Distinct meteorological drivers for hot-dry, warm-humid, and hot-humid heatwave–ozone events in China

Co-occurring heatwaves and surface ozone (O₃) pollution events (HWOPs) are increasingly threatening public health and socioeconomic stability. Given that both temperature and humidity are fundamental drivers of heat stress, we categorized summer HWOPs across China during 2005–2022 into hot-dry, warm-humid, and hot-humid types, and found distinct meteorological drivers. Their spatial distributions exhibit clear regional preferences—hot-dry events dominate North China, warm-humid and hot-humid events cluster in the Yangtze River Basin and South China. Hot-dry events typically occur under clear skies, low soil moisture, strong solar radiation, and a stable boundary layer.
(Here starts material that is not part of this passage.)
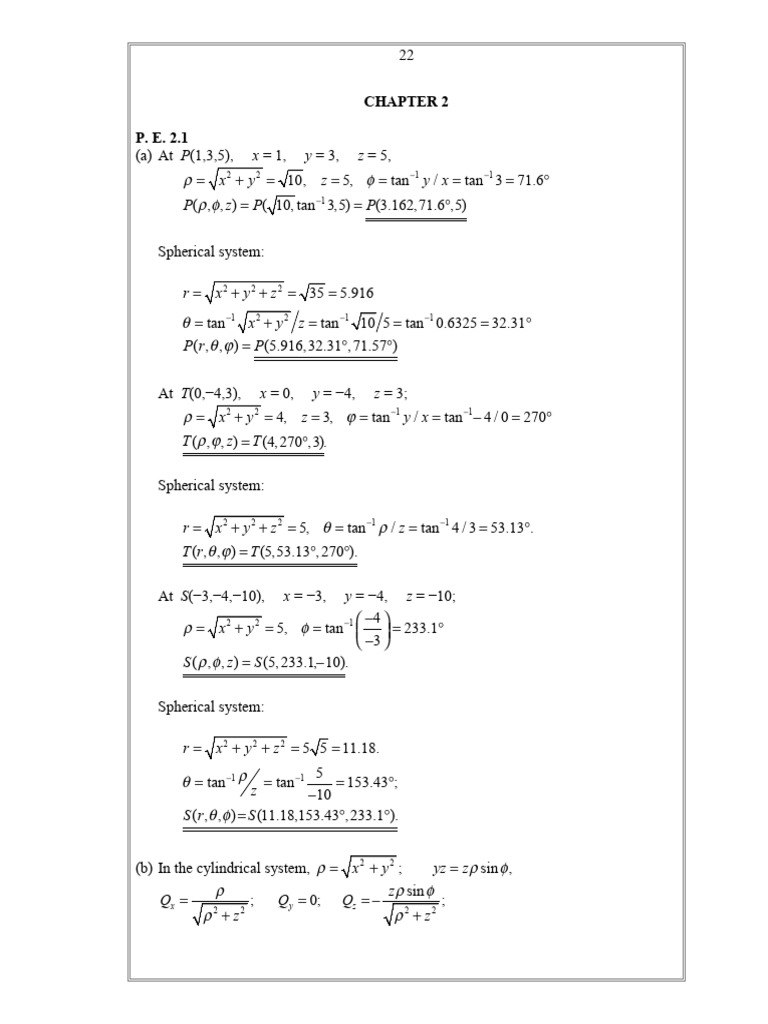 Sadiku 7XE Solutions Manual Ch02 | PDF | Coordinate System | Space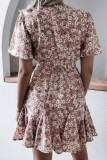 Fashion Casual Print Split Joint V Neck Waist Skirt Dresses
Warm-humid events develop under moderate humidity and elevated latent heat flux, supported by subtropical highs and mid-level dry air intrusion that suppress convection and prolong near-surface moist static energy accumulation. Hot-humid events combine features of both regimes, driven by early-developing, persistent ridges over eastern China, accompanied by strong wave activity flux convergence and sustained upper-level divergence. Temperature and humidity thus emerge as key regulators of surface energy balance, boundary-layer stability, and synoptic evolution, explaining the contrasting trends and impacts of the three HWOP types. These insights improve understanding of compound climate–pollution extremes and support more effective risk mitigation.